The other similar occasion was at village in Belgium in 2015, where my wife and I had been browsing around a village jumble sale. When it was time to leave we split up, walking separate ways back to our car. I was walking along one of the narrow stall-lined lanes in the village, peering at all the wares as I went, when a couple with a pram shoved roughly past me, forcing me away from the stalls. I started to move back towards the stalls when a young boy pushed a toy car straight at me, making me change course again. For some reason I started feeling mildly uneasy. The feeling turned into a strong sense that I should get back to Sylvia. About 10 paces further on I was glancing at a table piled with odds and ends when, as I looked, a sudden gust of wind cut through what had been calm air and caught the paper tablecloth, sending seashells and other stuff crashing to the cobbles. I had to stop. I felt overwhelmingly concerned about Sylvia: so much so that I felt compelled to send her a text asking if she was OK. When she replied, a minute or two later, that she was fine, my apprehension subsided. A while after that we met up on the way to the car. “You should have seen this idiot back there!” Sylvia said. “He was talking on his phone as he was backing his car and he nearly ran me over. He actually hit my arm. I thumped his car and told him off. Idiot!” When was this, I asked her.” Just after you sent that text,” she said.

If you grant that these instances represent something more than odd coincidences then, like me, you are conceding that there is much in the world that can’t be explained. My life has not exactly been filled with strange experiences of this kind, but just enough have happened to make me wary of assuming things are as they appear on the surface.

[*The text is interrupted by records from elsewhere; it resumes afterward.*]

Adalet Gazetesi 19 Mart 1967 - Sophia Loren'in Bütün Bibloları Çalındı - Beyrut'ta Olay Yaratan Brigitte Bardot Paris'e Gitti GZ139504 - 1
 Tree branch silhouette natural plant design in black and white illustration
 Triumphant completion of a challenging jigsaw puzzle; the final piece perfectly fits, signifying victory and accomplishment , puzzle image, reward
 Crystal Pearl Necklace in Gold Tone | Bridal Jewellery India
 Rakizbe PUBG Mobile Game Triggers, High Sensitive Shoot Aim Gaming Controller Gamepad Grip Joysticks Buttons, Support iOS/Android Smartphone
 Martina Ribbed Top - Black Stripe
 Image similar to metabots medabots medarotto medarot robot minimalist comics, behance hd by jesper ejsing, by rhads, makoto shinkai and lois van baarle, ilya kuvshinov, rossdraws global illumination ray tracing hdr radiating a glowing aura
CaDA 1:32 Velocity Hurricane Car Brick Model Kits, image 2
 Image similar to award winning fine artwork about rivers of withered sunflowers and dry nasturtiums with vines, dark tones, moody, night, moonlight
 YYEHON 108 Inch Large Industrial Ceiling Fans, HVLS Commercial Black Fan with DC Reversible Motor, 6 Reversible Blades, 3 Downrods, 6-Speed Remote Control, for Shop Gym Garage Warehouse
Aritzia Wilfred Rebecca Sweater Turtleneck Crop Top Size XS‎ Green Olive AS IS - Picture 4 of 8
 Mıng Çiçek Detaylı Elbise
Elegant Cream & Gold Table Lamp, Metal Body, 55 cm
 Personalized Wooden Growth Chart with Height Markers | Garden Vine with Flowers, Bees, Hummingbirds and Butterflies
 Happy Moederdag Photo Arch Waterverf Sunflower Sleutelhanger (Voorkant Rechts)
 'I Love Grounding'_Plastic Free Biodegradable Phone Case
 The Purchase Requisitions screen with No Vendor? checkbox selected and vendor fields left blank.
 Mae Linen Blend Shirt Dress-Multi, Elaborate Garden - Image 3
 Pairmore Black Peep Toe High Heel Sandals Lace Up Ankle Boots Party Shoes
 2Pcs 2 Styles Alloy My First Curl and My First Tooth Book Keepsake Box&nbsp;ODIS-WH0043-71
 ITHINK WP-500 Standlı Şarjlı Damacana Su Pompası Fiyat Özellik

The sound of breaking glass

Another strange incident was witnessed by my wife and I together. We were sitting in our front courtyard, having a cup of tea, when we heard a very loud noise of breaking glass. It sounded as if a large mirror or window had shattered to pieces very nearby. We raced inside, expecting to find a mess of glass but there was nothing. We checked with our neighbour, in case it came from her house. Again, nothing.

The next day we were at Teralba, visiting a second-hand shop. We were both inside the shop, although in slightly different parts. A very loud noise startled us again, coming distinctly from the front of the shop. The shop owner said it must have been her sign blowing over again, but when we all went outside there was no trace of anything that might have made the noise. When we thought about the two incidents, Sylvia and I both wondered if they had anything to do with the recent death of a neighbour, to whom we had been quite close. That night Sylvia had a dream in which the neighbour appeared, packing a suitcase. Sylvia asked him where he was going and he told her he was leaving. He didn’t approve of changes the new owners of his house were making, he said, and couldn’t bear to remain. I later read that breaking glass noises were sometimes associated with poltergeist activity, but both of us remain at least partly convinced that the noises were somehow connected with our late neighbour.

Call me superstitious. But these strange episodes and a few others like them have had a big effect on the way I view the world.